As described above, the Project will create an “open loop” hydraulic arrangement between the existing Seminoe Reservoir and the proposed upper reservoir. The Project will not change the operations, area, or volume of Seminoe Reservoir; thus no injury or mortality to fishery resources from supersaturation within and downstream of Seminoe Reservoir are expected from construction and operation of the Project.

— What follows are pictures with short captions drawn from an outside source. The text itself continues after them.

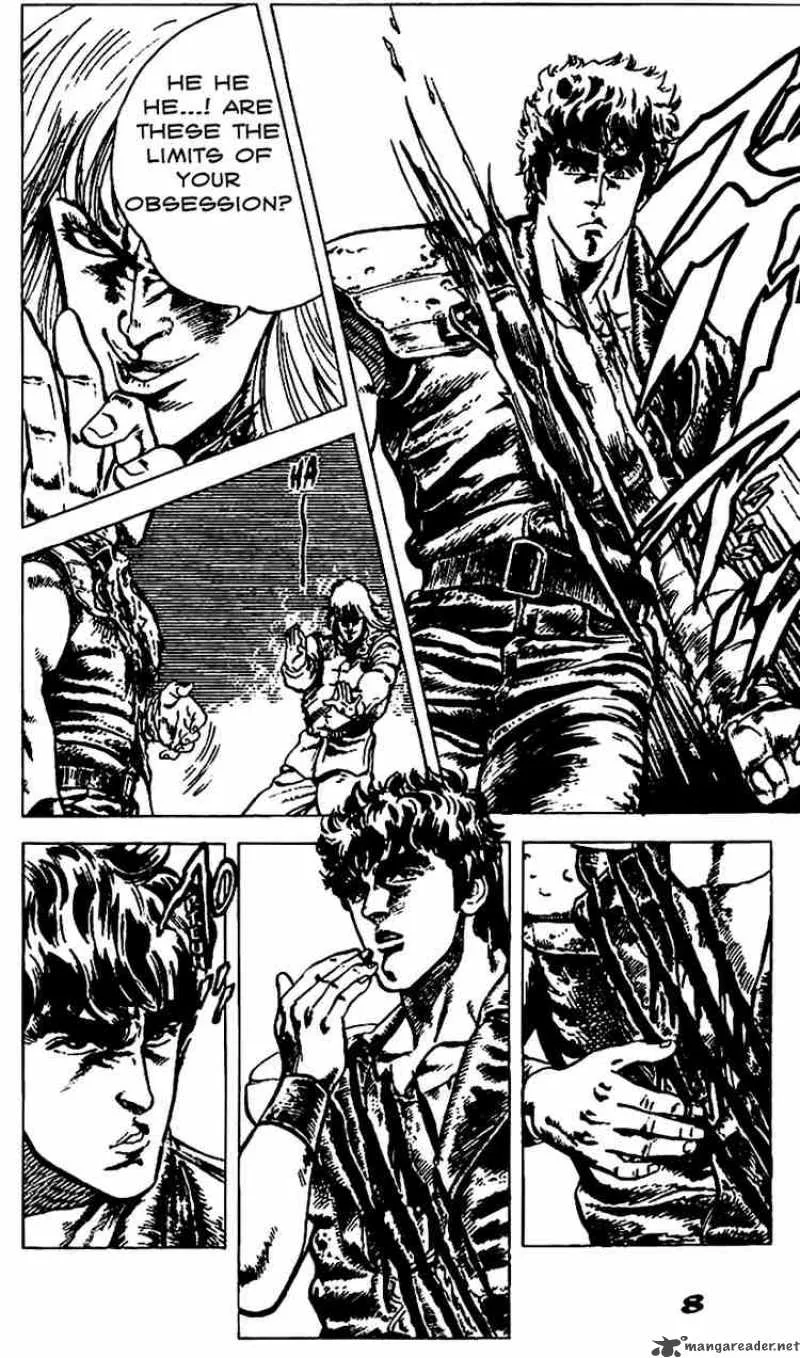 Fist of the North Star Chapter 9 page 6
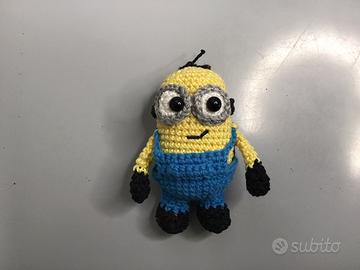 Minions uncinetto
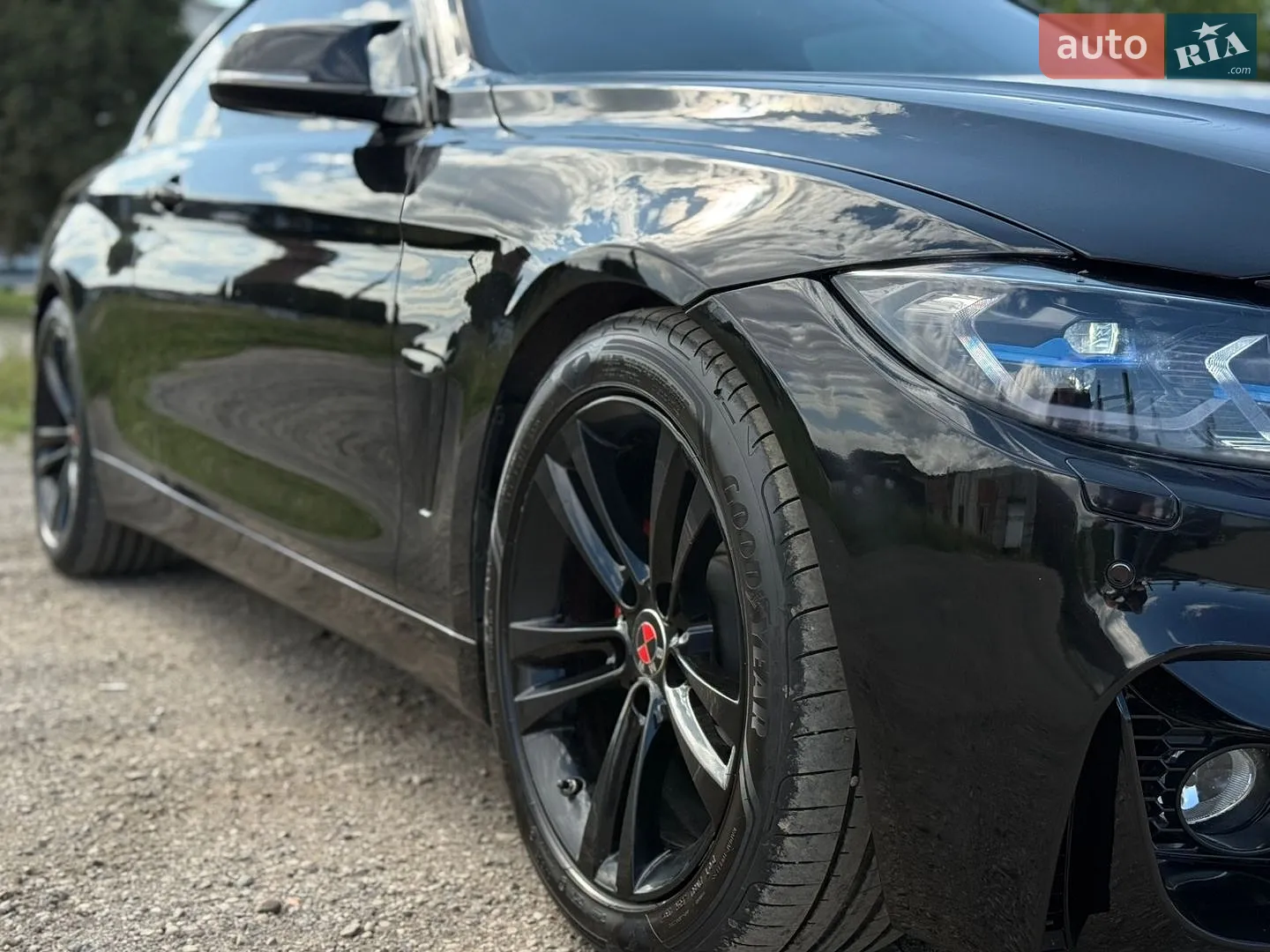 2013 BMW 4er - мініатюра 4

As discussed in Section 2.1.1.2, Project operations are predicated to have a daily surface water fluctuation of 6.4 inches under normal operating headwater elevation of 6,357 feet. Any change in Seminoe Reservoir elevation due to Project operations will be within the historic range of Seminoe Reservoir water levels and, therefore, any impacts to aquatic habitats would occur in areas where Seminoe Reservoir has operated historically. Much of Seminoe Reservoir aquatic habitat consists of gradual to steep drop-offs from the shoreline and shallow sections of Seminoe Reservoir dominated by sandy substrate. Project operations will result in gradual changes in reservoir elevation over the course of pumping and generation events. At Seminoe Reservoir low operating elevation of 6,290 feet, a full 9.7 hour generation event will produce less than a 2 inch per hour increase in reservoir elevation. A full pumping event will occur over an average of 17.05-hour period at a rate of less than 2 inch per hour change in elevation. Project effects on Seminoe Reservoir water level and surface area will occur within a band where wave action has historically altered water levels and impacted aquatic habitat conditions on an intra-day and even intra-hour scale.